If molecular electronics would ever reach technological realization it must carry information, most probably within its current – voltage response. Nevertheless, the molecular-electronics community largely ignores the effect of applied voltage on transmission probability, due to both technical (stability) and fundamental (non-equilibrium) challenges. Furthermore, molecular I-V traces often lack characteristic features that can support or reject modeling assumptions. Normalized differential conductance (NDC) reveals only the out-of-equilibrium response (V≠0) while eliminating the orders-of-magnitude variation in the net conductance (at V=0); NDC can be used both quantitatively and qualitatively as it magnifies unique voltage-driven features.¹ Two examples for NDC analysis will be presented.

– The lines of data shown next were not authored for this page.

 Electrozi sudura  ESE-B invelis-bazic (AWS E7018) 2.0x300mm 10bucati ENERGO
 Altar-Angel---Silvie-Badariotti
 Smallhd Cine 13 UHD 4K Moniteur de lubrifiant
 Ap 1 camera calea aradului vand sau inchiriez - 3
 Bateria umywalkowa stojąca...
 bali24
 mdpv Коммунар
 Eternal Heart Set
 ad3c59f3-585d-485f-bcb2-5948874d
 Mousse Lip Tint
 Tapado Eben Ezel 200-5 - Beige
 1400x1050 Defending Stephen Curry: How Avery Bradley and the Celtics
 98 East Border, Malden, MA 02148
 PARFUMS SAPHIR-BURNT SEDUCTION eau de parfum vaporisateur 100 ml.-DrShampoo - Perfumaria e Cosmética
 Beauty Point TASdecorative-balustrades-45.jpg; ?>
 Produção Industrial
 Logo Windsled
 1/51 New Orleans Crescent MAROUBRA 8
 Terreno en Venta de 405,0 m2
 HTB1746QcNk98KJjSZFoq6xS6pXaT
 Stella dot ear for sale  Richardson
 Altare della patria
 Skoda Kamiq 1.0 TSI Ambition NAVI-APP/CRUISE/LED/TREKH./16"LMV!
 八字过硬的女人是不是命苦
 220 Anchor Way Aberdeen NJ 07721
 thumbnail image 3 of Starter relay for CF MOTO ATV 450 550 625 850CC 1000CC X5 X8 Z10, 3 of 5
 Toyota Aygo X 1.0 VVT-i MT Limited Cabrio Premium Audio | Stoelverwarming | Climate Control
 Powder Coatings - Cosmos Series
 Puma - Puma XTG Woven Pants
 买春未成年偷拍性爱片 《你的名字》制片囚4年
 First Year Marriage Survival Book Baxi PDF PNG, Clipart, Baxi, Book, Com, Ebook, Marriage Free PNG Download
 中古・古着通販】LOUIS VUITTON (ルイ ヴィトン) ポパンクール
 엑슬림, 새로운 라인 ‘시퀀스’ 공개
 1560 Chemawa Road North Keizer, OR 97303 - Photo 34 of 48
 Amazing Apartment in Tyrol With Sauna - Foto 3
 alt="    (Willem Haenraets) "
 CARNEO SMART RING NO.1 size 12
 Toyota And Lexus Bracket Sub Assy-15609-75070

First, for molecular junctions with semi-metallic carbon contacts (R.L. McCreery lab, Alberta), NDC reveals that the voltage response is dominated by the limited density-of-states of carbon; this yields an exponential I-V dependence, in contrast to tunneling-limited current that has a much weaker voltage effect. Second, NDC of Au-S-alkyl // EGaIn junctions reveals the internal voltage partition between the contacts and the molecular.² Rough top-contacts withdraw most of the applied voltage to the –CH₃ // EGaIn interface and therefore no field is developed across the molecules and the NDC is independent of molecular length. In contrast, under smooth EGaIn contacts, the voltage drops on the alkyl chains yielding a highly non-linear response as the chains grow longer.² In summary, NDC helps resolving the potential drop within molecular junctions, yielding a critical insight toward realization of highly non-linear molecular I-V response.

1) Vilan, Chem. Chem. Phys., 19, 27166 (2017)

2) Karuppannan et al., Funct. Matr., 1904452 (2019)